The most effective trick I’ve found for remote standups is the relay round: each person, after speaking, names the next one. “I’m done. Sara, you’re up.” This keeps attention active and gives rhythm to the meeting.


🎯 The standup is a tool, not a ritual #

What has always struck me is how easily the standup becomes an empty ritual. You do it because “that’s what you do”, because “we’re agile”, because “the framework says so”. But nobody asks any more: is it working?

A standup works when the team perceives it as useful. When at 9:15 people show up willingly, say their piece in two minutes, listen to others, and by 9:30 they’re at their desk knowing exactly what’s happening in the project.

A standup doesn’t work when people see it as an obligation. When they sigh looking at the clock. When they check their phones. When they think “I could have used that half hour to work.”

The difference between the two scenarios is almost always the same: whether the 15-minute constraint is respected or not.

You don’t need sophisticated frameworks. You don’t need certifications. You need a timer, a facilitator with a backbone, and the awareness that people’s time has value.

Fifteen minutes. Three questions. Parking lot for the rest.

Everything else is noise.


Glossary #

Daily Standup — Daily meeting of maximum 15 minutes where each team member answers three questions: what I did yesterday, what I will do today, what is blocking me.

Parking Lot — Visible list of topics that emerge during a meeting and deserve further discussion but are deferred to respect the timebox.

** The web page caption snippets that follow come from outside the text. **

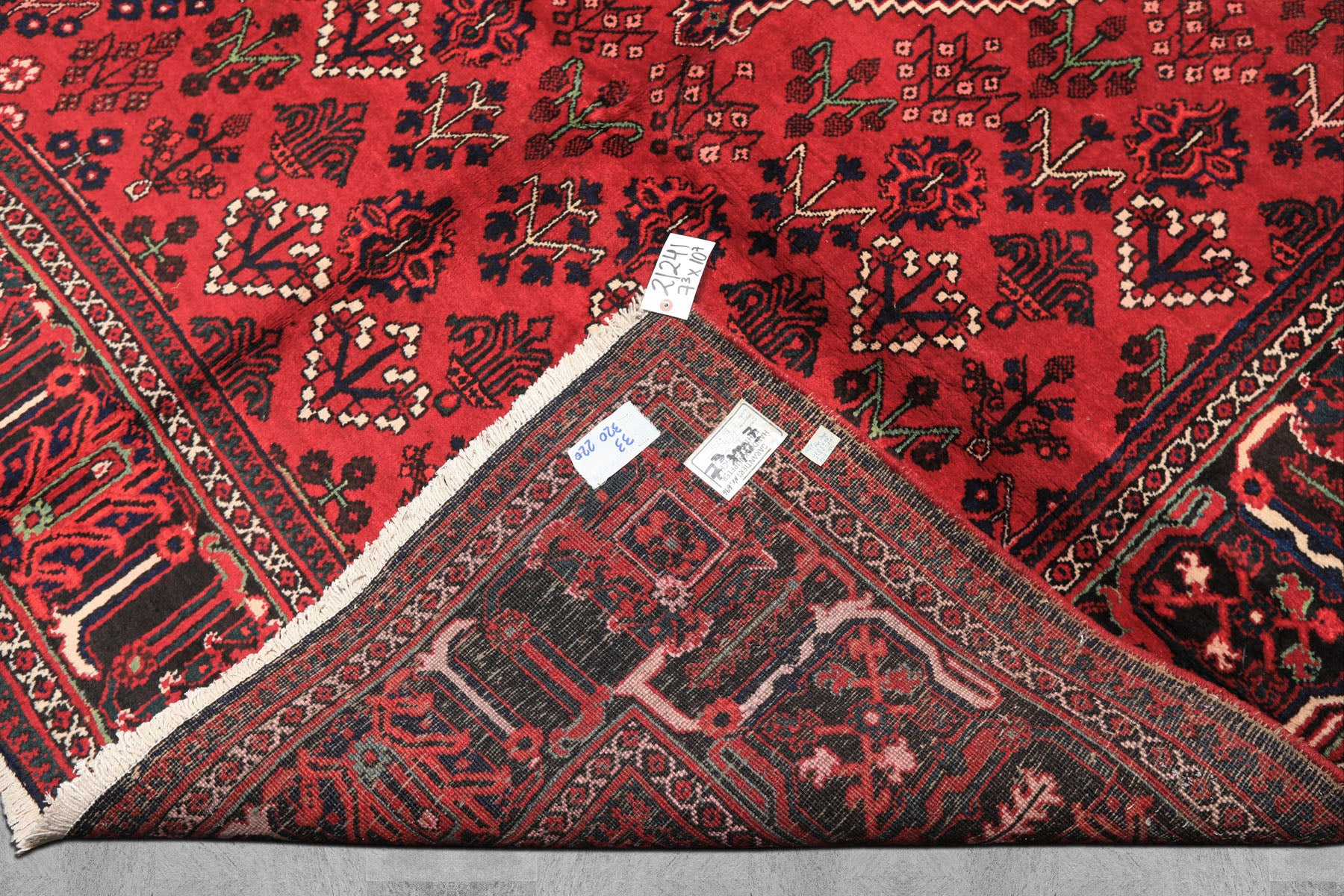 7x10 Burgundy, Charcoal, Ivory Color Hand Knotted Meimeh Wool Traditional Oriental Rug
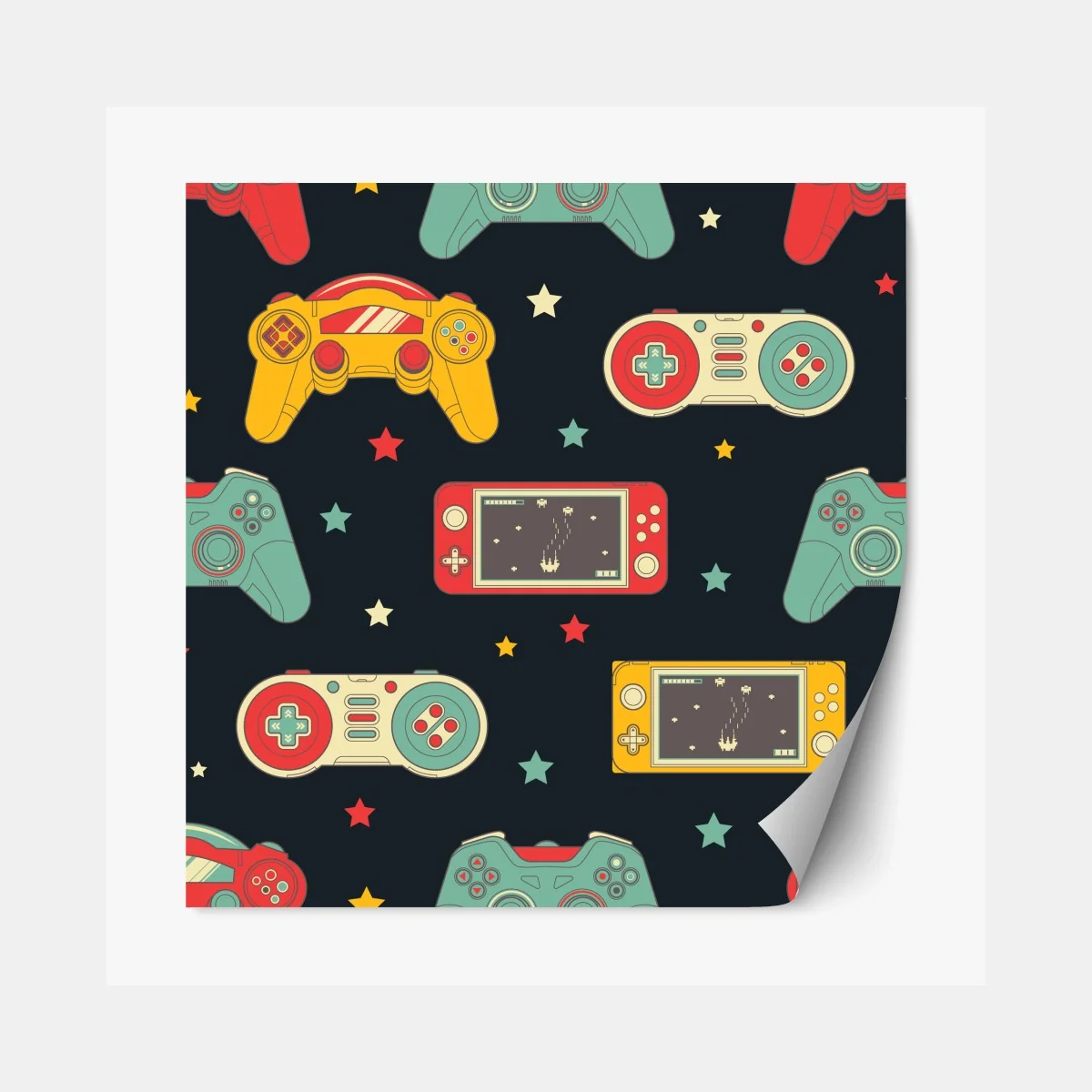 Repositionierbarer Aufkleber retro gamecontroller muster – Wallnifity® Repositionierbarer Aufkleber retro gamecontroller muster – Wallnifity®
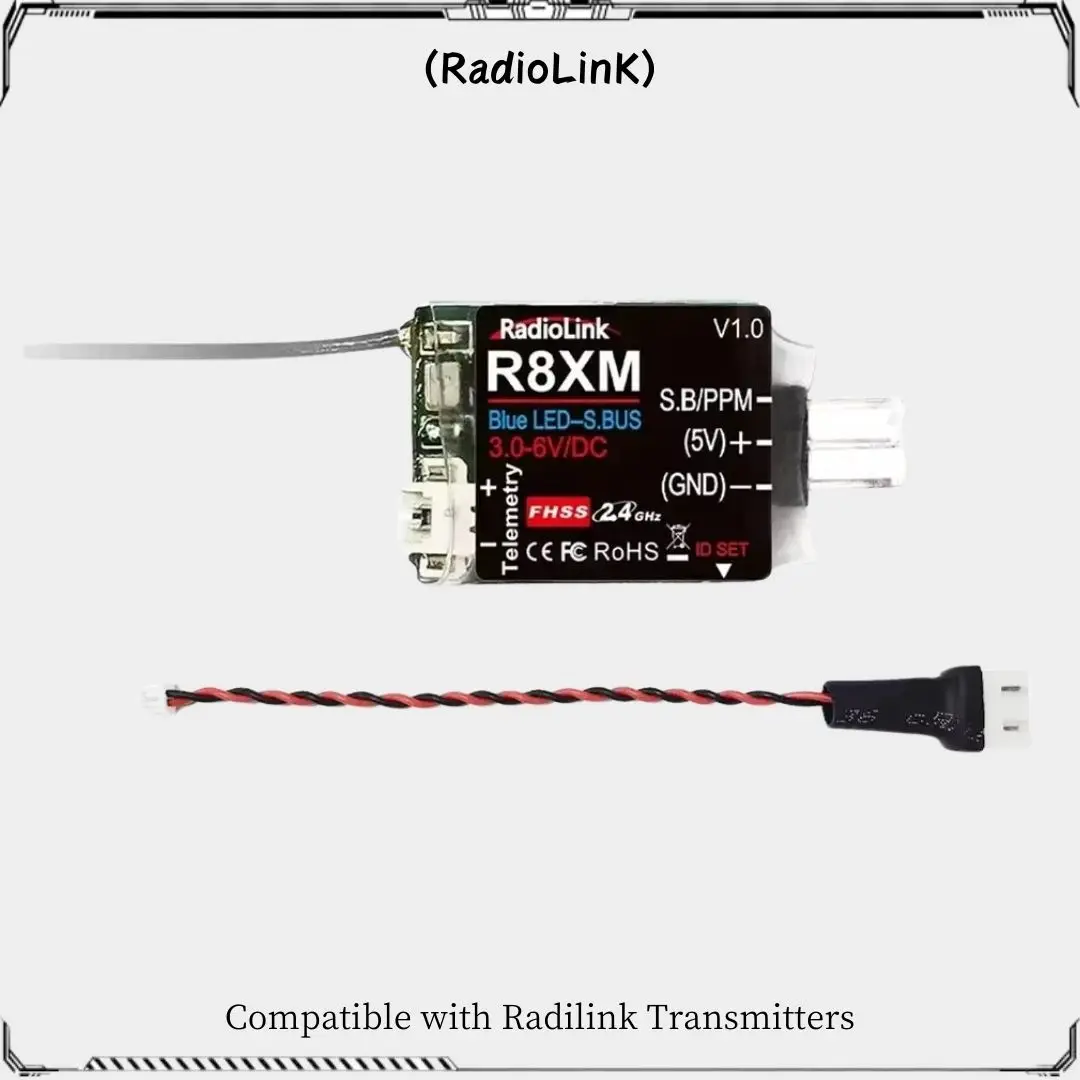 Radiolink 8 canales Mini receptor R8XM 2,4 GHz Telemetría integrada Voltaje del vehículo 4000 metros Control y distancia de telemetría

Facilitator — Person responsible for guiding a meeting by maintaining focus, respecting the timebox, and ensuring everyone has a voice.

Timeboxing — Time management technique that assigns a fixed, non-negotiable interval to an activity, forcing conclusion within the established limit.

Scrum — Agile framework for project management that organizes work into fixed-length sprints, with defined roles and structured ceremonies.